- Genre: Talk show
- Created by: CBC Arts
- Presented by: Johanna Schneller, Amanda Parris
- Country of origin: Canada
- No. of seasons: 2
- No. of episodes: 20

Production
- Running time: 30 minutes

Original release
- Network: CBC Television
- Release: July 22, 2017 – September 21, 2018

= The Filmmakers =

The Filmmakers is a half-hour Canadian talk show that premiered on CBC Television on July 22, 2017. Each episode focuses on a specific Canadian film which airs in full after the episode. It is produced by CBC Arts.

The first season was hosted by journalist Johanna Schneller and focused on "the greatest Canadian films and filmmakers of the last 20 years." Those films included The Sweet Hereafter, Stories We Tell, I Killed My Mother, Atanarjuat: The Fast Runner, Water, Incendies, War Witch and Manufactured Landscapes. Guests on the first season included creators, directors and artists like Xavier Dolan, Sarah Polley, Director X, Atom Egoyan, Mina Shum, Kim Nguyen, Don McKellar, Deepa Mehta, Zacharias Kunuk and Jennifer Baichwal, as well as guest panelists Connor Jessup, David Suzuki, Stephanie Morgenstern, Bob Martin, Eli Glasner, Samantha Wan, Emmanuel Jal, Elisapie Isaac, Cameron Bailey, Sook-Yin Lee, Peter Knegt, Edward Burtynsky, Nyla Innuksuk, Anita Lee, Cazhhmere and Sylvain Bellemare.
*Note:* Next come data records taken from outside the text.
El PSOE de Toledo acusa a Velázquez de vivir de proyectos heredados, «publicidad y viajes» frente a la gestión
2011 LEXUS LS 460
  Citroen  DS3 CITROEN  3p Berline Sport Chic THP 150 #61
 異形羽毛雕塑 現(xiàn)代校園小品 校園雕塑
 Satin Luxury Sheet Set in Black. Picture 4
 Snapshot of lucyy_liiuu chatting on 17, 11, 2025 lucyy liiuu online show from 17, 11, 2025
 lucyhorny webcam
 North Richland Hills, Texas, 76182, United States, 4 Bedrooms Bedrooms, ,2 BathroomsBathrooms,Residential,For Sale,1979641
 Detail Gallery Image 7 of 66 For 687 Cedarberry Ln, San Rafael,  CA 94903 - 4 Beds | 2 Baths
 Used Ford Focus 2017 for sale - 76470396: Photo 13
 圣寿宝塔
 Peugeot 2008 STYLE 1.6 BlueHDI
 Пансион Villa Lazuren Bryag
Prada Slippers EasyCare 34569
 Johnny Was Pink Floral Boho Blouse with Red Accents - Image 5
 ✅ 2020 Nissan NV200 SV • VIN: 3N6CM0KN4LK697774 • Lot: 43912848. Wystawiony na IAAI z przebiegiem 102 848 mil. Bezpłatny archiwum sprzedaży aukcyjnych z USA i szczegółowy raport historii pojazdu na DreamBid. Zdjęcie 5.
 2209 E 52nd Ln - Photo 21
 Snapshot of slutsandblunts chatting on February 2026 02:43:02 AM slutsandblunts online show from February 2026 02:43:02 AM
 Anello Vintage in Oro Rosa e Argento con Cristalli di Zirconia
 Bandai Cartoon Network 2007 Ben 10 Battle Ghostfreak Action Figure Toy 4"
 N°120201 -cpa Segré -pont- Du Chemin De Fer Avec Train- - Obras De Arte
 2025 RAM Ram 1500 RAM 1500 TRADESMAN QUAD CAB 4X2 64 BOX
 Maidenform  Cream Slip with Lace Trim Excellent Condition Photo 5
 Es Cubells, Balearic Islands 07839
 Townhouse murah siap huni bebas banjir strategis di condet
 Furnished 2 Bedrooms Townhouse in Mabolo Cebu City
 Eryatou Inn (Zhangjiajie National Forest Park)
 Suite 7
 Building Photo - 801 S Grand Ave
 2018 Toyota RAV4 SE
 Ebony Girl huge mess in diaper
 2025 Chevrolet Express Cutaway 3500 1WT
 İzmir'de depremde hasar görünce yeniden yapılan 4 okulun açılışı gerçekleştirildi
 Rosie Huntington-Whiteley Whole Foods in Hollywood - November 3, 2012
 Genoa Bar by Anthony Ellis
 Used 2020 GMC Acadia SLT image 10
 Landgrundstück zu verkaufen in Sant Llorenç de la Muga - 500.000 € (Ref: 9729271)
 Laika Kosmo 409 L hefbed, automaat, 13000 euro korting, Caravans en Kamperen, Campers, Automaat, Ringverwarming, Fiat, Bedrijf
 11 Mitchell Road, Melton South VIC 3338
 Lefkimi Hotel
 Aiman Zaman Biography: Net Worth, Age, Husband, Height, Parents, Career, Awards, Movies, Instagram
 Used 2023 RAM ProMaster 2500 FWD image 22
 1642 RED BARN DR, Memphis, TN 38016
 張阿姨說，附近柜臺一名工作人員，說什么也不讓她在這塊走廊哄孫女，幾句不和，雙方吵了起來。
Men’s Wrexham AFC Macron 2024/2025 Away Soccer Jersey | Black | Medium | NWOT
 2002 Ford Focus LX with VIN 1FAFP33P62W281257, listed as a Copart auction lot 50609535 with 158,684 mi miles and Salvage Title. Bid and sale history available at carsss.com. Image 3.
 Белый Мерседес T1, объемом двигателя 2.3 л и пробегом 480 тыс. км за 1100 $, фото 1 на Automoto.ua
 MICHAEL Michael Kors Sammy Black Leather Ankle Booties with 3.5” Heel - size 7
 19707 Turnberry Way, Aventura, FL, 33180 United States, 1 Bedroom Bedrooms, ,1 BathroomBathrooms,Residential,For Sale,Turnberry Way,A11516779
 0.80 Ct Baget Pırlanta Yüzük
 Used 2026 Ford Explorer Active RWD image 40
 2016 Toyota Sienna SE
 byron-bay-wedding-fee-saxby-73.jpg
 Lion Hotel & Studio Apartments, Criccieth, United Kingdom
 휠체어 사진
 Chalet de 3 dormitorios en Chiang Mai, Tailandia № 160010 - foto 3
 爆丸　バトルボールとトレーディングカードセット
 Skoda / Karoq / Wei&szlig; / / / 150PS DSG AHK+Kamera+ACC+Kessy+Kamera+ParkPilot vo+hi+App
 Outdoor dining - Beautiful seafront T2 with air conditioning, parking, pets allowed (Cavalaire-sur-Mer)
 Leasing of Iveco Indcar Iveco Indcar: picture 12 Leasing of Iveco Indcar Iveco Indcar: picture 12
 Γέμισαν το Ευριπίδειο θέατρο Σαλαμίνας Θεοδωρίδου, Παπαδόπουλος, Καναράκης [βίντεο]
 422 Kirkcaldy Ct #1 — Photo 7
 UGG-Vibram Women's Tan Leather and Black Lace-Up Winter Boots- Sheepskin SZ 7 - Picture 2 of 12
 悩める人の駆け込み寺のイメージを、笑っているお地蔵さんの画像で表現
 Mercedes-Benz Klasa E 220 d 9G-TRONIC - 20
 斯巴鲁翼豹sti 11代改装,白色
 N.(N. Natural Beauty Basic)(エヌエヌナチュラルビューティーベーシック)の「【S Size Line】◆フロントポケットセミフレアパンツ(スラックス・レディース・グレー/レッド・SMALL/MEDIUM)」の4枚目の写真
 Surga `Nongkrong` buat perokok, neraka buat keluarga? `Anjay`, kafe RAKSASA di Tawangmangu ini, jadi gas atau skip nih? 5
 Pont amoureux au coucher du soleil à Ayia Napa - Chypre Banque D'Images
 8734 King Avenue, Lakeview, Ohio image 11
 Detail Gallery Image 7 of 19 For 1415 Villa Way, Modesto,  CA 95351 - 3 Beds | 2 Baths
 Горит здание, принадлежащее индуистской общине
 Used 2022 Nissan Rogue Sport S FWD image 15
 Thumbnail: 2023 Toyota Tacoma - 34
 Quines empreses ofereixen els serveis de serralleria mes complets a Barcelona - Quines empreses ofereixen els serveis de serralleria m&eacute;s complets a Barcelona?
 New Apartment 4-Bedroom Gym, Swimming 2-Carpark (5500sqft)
The second season saw Schneller joined by co-host Amanda Parris, and focus shifted to exclusively celebrate Canadian films directed by women. Films highlighted over the season included Meditation Park, Into the Forest, Gabrielle, Angry Inuk, Jean of the Joneses, Ava, Paper Year and Window Horses.

The series won the Canadian Screen Award for Best Talk or Entertainment Program or Series at the 7th Canadian Screen Awards.